Raw data START

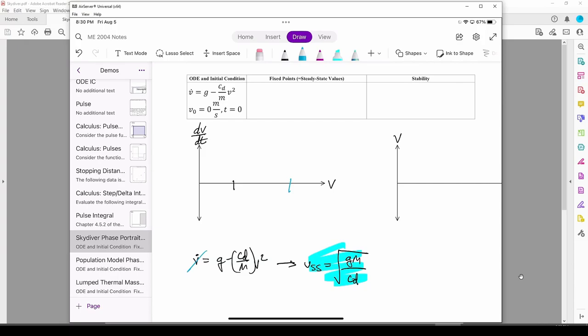We know that each curve will start at g, since plugging 0 into the v dot equation results in g, then we play connect the dots.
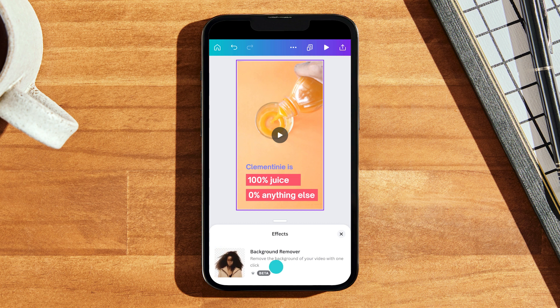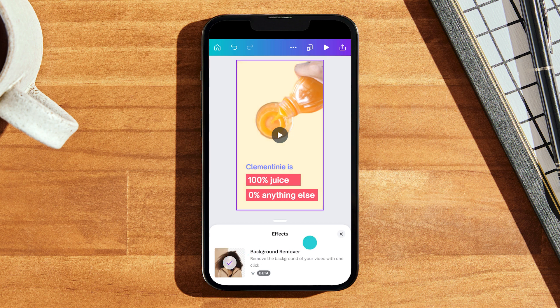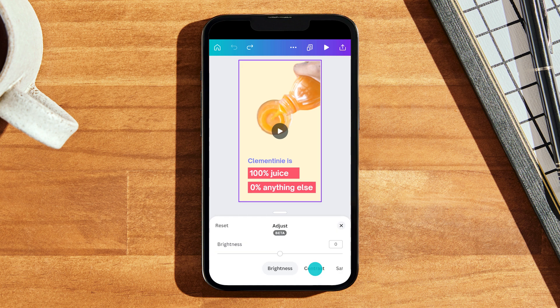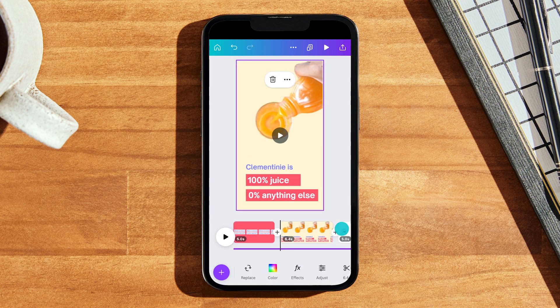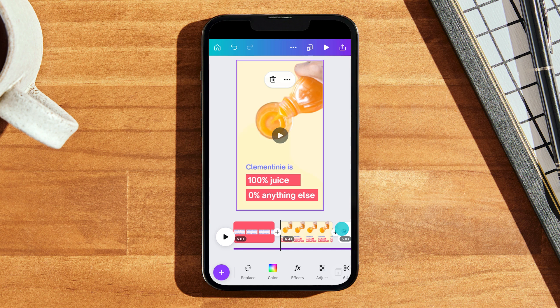In this case, I'm going to tap to remove the background of my juice video so I can add my own background. Next, I'm going to go into adjust where I can change the video color and contrast settings. I'm going to increase my saturation slightly. Now that I've removed my background and edited my video, I can customize my background and my video background won't be in the way. So, that's how it's done!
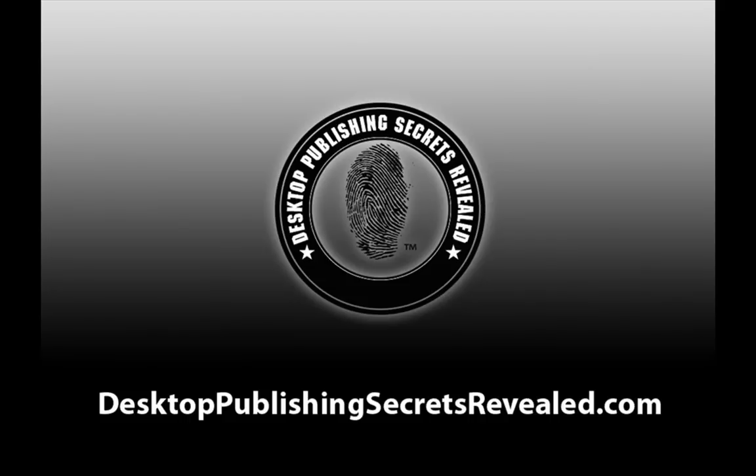If you're looking for top-notch tutorials using the most cutting-edge desktop publishing and design software, be sure to check out our library of video tutorials at desktoppublishingsecretsrevealed.com.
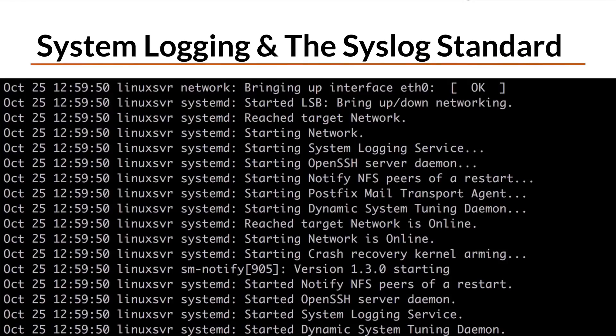Linux uses the syslog standard for message logging. This allows programs and applications to generate messages that can be captured, processed, and stored by the system logger. It eliminates the need for each and every application having to come up with and implement a logging mechanism on their own. It also means that logging can be configured and controlled in a centralized location.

Raw data END

[Exercise details] Each line of the listing above must be given again exactly; the pictures are to be left out.

[Solution to the problem]
We know that each curve will start at g, since plugging 0 into the v dot equation results in g, then we play connect the dots.
In this case, I'm going to tap to remove the background of my juice video so I can add my own background. Next, I'm going to go into adjust where I can change the video color and contrast settings. I'm going to increase my saturation slightly. Now that I've removed my background and edited my video, I can customize my background and my video background won't be in the way. So, that's how it's done!
If you're looking for top-notch tutorials using the most cutting-edge desktop publishing and design software, be sure to check out our library of video tutorials at desktoppublishingsecretsrevealed.com.
Linux uses the syslog standard for message logging. This allows programs and applications to generate messages that can be captured, processed, and stored by the system logger. It eliminates the need for each and every application having to come up with and implement a logging mechanism on their own. It also means that logging can be configured and controlled in a centralized location.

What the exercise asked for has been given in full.